SummerWorks Festival (Factory Theatre Studio). Wednesday, August 10, 2011.
"That was Number One," explains Christina to her sister, who had complained that they had already looked at a particular Mondrian while at an art gallery. "This is Number Two."
Such rankings, and an omnipresent sense of competing for dominance, are always lurking in the background of this play. Set in Paris, the characters are all émigrés, beginning with eighteen-year-old Christina and her younger sister Rodica — very recently arrived from a revolution-torn Romania, and quite possibly undocumented. They encounter the kindly Mr. Smith, who buys them a meal, and is rapidly offering to put them up in his luxurious apartment. Smith is so unctuously exact and polite, it seems inevitable that he is concealing something much darker — and what he has in mind beyond genially hosting some tourists is pretty obvious, even well before the riding crop makes an appearance.
The sisters (who are by turns cunningly manipulative and naive) aren't fooled by Smith's kindly exterior, but aren't in too much of a rush to extricate themselves, either. Clearly they need money and a place to stay, but how far are they willing to go to turn the tables on this man whose velvet glove of charity could turn into something far worse?
Maintaining its forward momentum, the play doesn't stop to consider the characters' motivations, letting the audience fill in a lot of blanks — as well as drawing their own conclusions on the morality of everyone involved. Thus the main tightrope for the production to navigate is in finding the right balance for all the elements in play — how exaggerated the situations should be, and how far to push the play's more salacious elements (S + M, jailbait, "sex dolls", designer watches) to keep things interesting but not too lurid. As things move along, the uncertainty of the situation is played up by introducing ambiguous scenes and elements that play out more like dreamy psychological tableaux.

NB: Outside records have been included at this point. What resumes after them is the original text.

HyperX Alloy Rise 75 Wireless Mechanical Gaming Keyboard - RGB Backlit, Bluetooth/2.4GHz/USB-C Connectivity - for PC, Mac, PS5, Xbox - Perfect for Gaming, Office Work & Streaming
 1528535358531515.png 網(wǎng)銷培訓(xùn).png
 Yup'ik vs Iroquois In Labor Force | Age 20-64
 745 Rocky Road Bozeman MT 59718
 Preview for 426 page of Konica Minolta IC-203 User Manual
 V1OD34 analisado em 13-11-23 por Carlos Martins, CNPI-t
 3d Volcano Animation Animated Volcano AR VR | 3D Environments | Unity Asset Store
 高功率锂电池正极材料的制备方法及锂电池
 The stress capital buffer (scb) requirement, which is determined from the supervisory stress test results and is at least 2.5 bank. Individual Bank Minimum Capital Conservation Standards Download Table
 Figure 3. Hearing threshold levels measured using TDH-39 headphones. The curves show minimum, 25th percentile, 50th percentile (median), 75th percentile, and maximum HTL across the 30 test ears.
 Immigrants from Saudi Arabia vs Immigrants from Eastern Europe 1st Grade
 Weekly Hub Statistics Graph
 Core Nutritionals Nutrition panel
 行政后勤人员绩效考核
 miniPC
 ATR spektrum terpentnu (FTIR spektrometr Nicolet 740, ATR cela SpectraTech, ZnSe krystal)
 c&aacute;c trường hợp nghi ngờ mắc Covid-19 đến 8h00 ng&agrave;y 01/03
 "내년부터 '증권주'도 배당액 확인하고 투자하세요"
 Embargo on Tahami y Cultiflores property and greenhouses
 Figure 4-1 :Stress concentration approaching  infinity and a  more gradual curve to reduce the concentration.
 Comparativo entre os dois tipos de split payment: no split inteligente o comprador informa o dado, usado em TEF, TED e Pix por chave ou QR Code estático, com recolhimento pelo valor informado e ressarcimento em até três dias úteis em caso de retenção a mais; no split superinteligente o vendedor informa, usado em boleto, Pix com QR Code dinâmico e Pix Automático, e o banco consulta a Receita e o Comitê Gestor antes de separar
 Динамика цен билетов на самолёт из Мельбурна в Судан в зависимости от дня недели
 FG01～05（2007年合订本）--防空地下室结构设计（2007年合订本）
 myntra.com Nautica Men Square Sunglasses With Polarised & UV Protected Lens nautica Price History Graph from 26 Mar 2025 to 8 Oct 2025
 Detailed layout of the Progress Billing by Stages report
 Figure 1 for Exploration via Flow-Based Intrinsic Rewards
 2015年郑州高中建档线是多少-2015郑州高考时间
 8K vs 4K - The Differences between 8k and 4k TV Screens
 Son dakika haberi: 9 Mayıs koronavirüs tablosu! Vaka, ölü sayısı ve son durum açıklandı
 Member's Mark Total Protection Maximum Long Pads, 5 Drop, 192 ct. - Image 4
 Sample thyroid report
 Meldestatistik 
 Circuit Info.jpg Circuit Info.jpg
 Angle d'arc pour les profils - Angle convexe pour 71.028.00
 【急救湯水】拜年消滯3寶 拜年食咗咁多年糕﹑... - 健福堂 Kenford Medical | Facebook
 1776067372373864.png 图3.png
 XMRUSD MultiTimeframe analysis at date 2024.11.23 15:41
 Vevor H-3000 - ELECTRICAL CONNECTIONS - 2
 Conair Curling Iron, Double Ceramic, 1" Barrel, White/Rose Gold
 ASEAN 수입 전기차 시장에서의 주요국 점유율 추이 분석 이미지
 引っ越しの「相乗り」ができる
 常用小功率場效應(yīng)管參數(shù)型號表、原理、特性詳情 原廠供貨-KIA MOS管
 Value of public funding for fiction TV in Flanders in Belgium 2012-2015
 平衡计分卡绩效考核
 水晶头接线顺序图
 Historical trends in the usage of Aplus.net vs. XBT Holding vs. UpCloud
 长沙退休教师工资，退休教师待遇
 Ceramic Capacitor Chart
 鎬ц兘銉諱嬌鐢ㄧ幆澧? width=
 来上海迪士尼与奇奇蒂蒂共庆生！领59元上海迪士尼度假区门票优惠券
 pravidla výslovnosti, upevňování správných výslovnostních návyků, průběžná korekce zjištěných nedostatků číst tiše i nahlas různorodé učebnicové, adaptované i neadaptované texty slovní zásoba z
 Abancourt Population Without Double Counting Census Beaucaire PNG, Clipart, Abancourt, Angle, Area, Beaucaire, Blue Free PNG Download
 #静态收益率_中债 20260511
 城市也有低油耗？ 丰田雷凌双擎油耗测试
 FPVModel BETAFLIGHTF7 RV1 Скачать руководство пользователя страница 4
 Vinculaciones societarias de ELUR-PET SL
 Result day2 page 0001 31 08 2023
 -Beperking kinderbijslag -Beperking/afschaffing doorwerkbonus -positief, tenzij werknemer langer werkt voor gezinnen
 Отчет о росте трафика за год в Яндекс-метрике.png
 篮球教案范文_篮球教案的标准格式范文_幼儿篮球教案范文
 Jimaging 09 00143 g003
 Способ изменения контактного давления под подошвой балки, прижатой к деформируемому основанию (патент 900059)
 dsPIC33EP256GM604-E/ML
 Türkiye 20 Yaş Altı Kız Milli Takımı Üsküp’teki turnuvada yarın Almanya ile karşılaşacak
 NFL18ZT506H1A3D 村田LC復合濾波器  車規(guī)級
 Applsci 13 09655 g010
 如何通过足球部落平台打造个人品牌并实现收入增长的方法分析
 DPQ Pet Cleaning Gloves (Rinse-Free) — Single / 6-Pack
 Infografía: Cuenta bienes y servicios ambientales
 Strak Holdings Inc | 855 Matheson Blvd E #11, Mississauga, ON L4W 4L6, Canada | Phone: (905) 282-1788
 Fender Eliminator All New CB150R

Going hand-in-hand with that, there are several rather stylized elements to the production — the actors all in half-whiteface (suggesting that everyone's intentions are always masked) and there are extra-showy scene transitions that go out of their way to call attention to themselves, with the actors wheeling furniture in and out in a carefully-arranged choreography. The performances similarly are pitched in the realm of the slightly-fantastic, with the three leads all acquitting themselves well. Peter Nelson's Smith is smarm personified, and gives the impression that this could be someone like Alan Rickman's Die Hard character, relaxing between capers. Shaina Silver-Baird, as pouting teenager Rodica, has the most fun here, her eyes glittering with the potential rewards of her precarious position, while Nicole St. Martin has the toughest job, staying more realistically anchored to the danger of the situation.
An entertaining production. With enough of what happened left open for reflection, it lingered more than I thought it would in my mind.